A creamy and flavorful soup made with sweet potatoes, coconut milk, and Thai spices. This comforting dish is perfect for a cozy meal or as a starter.
Ingredients
For the Soup:
- 2 tbsp vegetable oil
 - 1 onion, chopped
 - 2 cloves garlic, minced
 - 1 tbsp red curry paste (adjust to taste)

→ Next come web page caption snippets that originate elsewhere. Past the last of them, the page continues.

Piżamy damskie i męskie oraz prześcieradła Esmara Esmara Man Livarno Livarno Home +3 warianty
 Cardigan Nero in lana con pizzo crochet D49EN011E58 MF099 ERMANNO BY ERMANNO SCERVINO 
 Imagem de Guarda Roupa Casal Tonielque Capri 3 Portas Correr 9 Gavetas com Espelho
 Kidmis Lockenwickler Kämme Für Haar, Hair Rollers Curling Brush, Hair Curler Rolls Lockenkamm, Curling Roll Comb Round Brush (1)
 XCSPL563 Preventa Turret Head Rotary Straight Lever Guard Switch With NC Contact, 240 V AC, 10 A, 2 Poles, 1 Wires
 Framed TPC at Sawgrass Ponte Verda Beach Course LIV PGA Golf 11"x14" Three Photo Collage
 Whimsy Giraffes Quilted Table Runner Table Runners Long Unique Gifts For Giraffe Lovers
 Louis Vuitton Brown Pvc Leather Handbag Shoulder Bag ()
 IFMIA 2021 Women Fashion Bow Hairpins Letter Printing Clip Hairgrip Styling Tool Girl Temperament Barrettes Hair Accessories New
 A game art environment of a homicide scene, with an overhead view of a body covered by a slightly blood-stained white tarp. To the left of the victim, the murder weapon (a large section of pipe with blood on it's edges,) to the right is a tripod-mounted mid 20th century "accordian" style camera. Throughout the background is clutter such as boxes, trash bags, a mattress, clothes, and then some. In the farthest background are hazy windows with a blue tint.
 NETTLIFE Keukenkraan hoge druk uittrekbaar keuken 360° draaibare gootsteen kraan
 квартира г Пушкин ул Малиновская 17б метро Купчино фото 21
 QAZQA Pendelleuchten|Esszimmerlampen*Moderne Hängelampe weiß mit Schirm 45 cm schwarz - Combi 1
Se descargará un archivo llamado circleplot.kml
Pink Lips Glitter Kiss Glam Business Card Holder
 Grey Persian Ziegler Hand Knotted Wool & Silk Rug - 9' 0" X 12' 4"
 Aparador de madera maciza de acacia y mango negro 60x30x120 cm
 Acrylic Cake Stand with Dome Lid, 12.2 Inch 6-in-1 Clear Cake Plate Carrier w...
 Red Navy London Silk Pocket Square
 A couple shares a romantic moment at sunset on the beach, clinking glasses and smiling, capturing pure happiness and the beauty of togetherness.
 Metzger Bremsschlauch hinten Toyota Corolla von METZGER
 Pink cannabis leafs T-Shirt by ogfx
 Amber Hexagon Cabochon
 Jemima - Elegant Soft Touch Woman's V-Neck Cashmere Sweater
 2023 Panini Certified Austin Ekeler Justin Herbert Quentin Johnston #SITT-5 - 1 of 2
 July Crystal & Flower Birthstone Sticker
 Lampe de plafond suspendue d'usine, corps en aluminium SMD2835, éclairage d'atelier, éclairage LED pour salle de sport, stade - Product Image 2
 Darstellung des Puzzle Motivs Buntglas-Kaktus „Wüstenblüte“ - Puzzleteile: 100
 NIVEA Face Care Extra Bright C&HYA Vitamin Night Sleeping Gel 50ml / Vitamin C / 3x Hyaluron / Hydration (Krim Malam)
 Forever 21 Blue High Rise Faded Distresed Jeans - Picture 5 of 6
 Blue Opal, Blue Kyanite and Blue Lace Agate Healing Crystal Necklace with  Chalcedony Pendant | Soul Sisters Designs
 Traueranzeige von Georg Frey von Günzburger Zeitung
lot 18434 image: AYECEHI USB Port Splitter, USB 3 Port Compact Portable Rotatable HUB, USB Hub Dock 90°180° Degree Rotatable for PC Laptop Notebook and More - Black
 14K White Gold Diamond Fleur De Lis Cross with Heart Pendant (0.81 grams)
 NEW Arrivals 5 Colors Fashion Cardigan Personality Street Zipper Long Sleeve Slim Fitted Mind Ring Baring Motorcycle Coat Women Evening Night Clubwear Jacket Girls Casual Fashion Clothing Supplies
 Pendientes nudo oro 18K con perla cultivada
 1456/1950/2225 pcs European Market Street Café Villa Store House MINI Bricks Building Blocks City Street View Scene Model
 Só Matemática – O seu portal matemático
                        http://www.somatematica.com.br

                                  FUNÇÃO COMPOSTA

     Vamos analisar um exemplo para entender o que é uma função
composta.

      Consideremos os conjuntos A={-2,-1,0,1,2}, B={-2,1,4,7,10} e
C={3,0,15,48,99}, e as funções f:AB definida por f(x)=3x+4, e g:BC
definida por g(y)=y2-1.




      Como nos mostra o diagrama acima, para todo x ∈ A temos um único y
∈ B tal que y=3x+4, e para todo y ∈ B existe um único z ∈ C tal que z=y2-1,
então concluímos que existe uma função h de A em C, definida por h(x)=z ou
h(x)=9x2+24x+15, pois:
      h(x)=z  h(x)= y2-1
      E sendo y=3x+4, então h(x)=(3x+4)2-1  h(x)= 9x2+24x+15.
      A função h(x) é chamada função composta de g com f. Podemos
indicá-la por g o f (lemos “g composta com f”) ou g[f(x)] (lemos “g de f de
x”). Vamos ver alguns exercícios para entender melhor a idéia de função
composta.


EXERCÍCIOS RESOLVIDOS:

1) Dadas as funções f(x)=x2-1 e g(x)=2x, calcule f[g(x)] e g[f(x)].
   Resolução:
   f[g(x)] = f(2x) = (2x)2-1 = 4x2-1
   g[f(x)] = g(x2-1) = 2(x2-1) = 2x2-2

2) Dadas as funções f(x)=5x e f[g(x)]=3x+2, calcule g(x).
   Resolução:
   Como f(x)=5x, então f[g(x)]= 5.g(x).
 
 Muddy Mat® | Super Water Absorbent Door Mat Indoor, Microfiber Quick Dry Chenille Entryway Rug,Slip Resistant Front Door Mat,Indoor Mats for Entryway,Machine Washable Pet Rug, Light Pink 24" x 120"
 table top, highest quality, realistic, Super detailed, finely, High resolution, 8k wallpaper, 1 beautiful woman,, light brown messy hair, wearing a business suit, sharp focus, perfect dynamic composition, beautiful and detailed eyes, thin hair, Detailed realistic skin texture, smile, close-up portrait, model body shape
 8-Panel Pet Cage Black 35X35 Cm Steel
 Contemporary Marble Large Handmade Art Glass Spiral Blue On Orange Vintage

 - 3 cups sweet potatoes, peeled and diced
 - 4 cups vegetable or chicken broth
 - 1 can (400 ml) coconut milk
 - 1 tbsp lime juice
 - 1 tsp sugar
 
For Garnish:
- Fresh cilantro leaves
 - Red chili slices
 - A drizzle of coconut cream
 
Preparation Time:
- Prep Time: 10 minutes
 - Cook Time: 25 minutes
 - Total Time: 35 minutes
 
Serves:
4 people
Instructions
- Cook the Aromatics:
- Heat the vegetable oil in a large pot over medium heat. Add the onion and garlic and sauté until softened. Stir in the red curry paste and cook for 1-2 minutes.
 
 - Add Sweet Potatoes and Broth:
- Add the diced sweet potatoes and vegetable or chicken broth. Bring to a boil, then reduce the heat and simmer for 15-20 minutes, or until the sweet potatoes are tender.
 
 - Blend the Soup:
- Use an immersion blender or transfer the soup to a blender and blend until smooth.
 
 - Add Coconut Milk and Seasoning:
- Return the blended soup to the pot. Stir in the coconut milk, lime juice, and sugar. Simmer for 2-3 minutes, then adjust the seasoning to taste.
 
 - Serve:
- Ladle the soup into bowls. Garnish with fresh cilantro, red chili slices, and a drizzle of coconut cream.
 
 
Nutritional Information (Per Serving):
- Calories: 220 kcal
 - Protein: 3g
 - Carbohydrates: 30g
 - Fat: 10g
 - Sodium: 450mg
 
Notes
- Add a pinch of cinnamon or nutmeg for extra warmth.
 - Substitute sweet potatoes with butternut squash or pumpkin for variation.
 - Leftovers can be stored in the refrigerator for up to 3 days or frozen for up to 1 month.